= Montserrat Labour Party =

The Montserrat Labour Party (MLP) was a political party in Montserrat.

==History==
The party was established in 1951, and was linked with the Montserrat Trades and Labour Union. In the 1952 elections, the first held under universal suffrage, the party won all five seats in the Legislative Council. It lost two seats in the 1955 elections, but won four seats in 1958.

Constitutional changes in 1960 created the post of Chief Minister, with MLP leader William Henry Bramble becoming the first person to hold the post. The party won five of the seven seats in the 1961 and 1966 elections.

The 1970 elections were the first occasion on which the MLP had faced serious opposition.

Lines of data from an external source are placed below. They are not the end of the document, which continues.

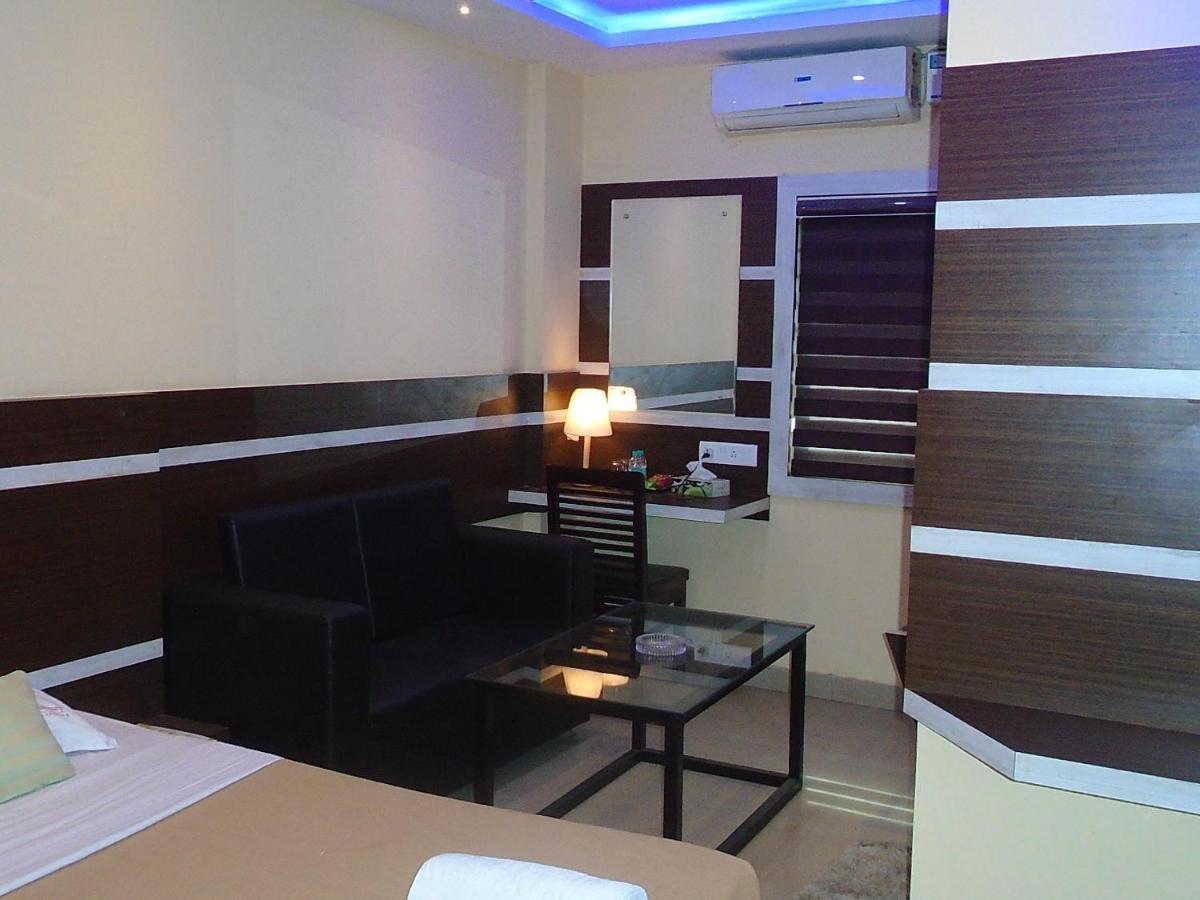 Hotel Royal Residency Bangalore
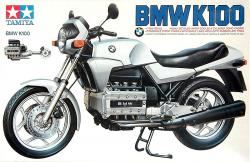 BMW K100RS 1990 #6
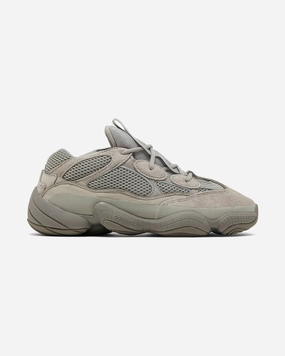 ADIDAS YEEZY 500 ASH GREY Cross training Sophisticated Comfort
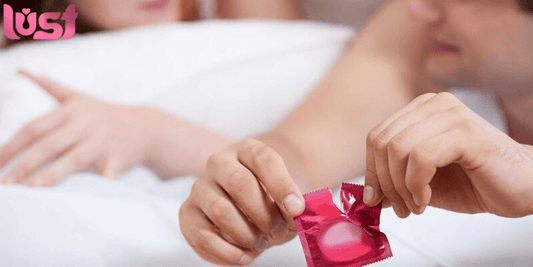 Cách Quan Hệ An Toàn Để Bảo Vệ Chính Bạn Và Người Ấy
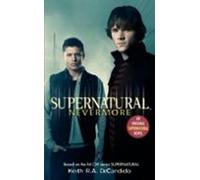 Supernatural: Nevermore (ebook)
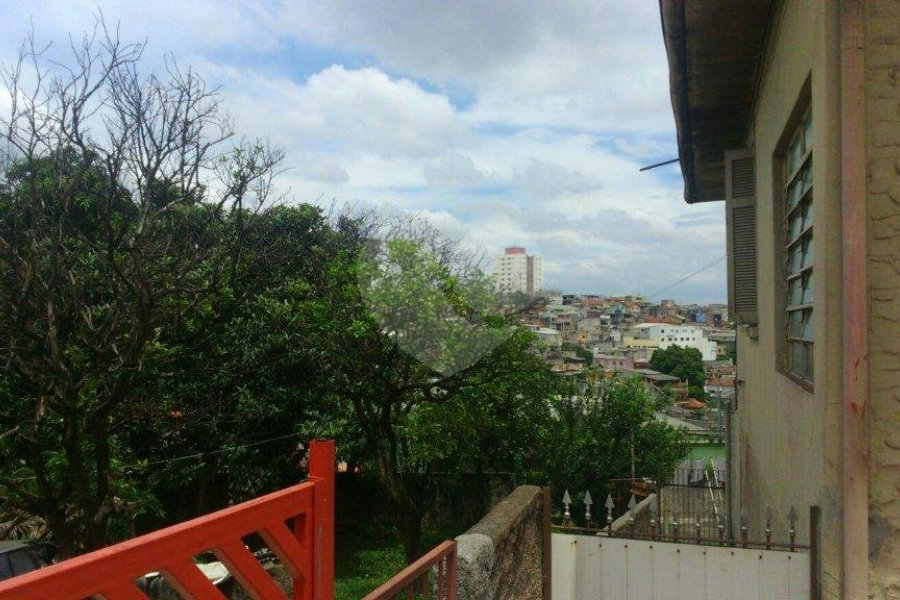 Terreno à venda em Casa Verde, São Paulo, SP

Percival Austin Bramble, son of William, had previously been a member of the MLP and was elected to the Legislative Council as an MLP candidate in the 1966 elections. However, he subsequently broke away to form the Progressive Democratic Party (PDP) as a result of controversy over the number of holiday and retirement homes being built on the island. The PDP won all seven seats in the elections, leaving the MLP without parliamentary representation.

The party remained dormant until being resurrected to contest the 2009 elections. Re-established by Idabelle Meade, Chedmond Browne and Margaret Dyer-Howe and led by Meade, it nominated three candidates. Despite finishing second in the popular vote, it failed to win a seat.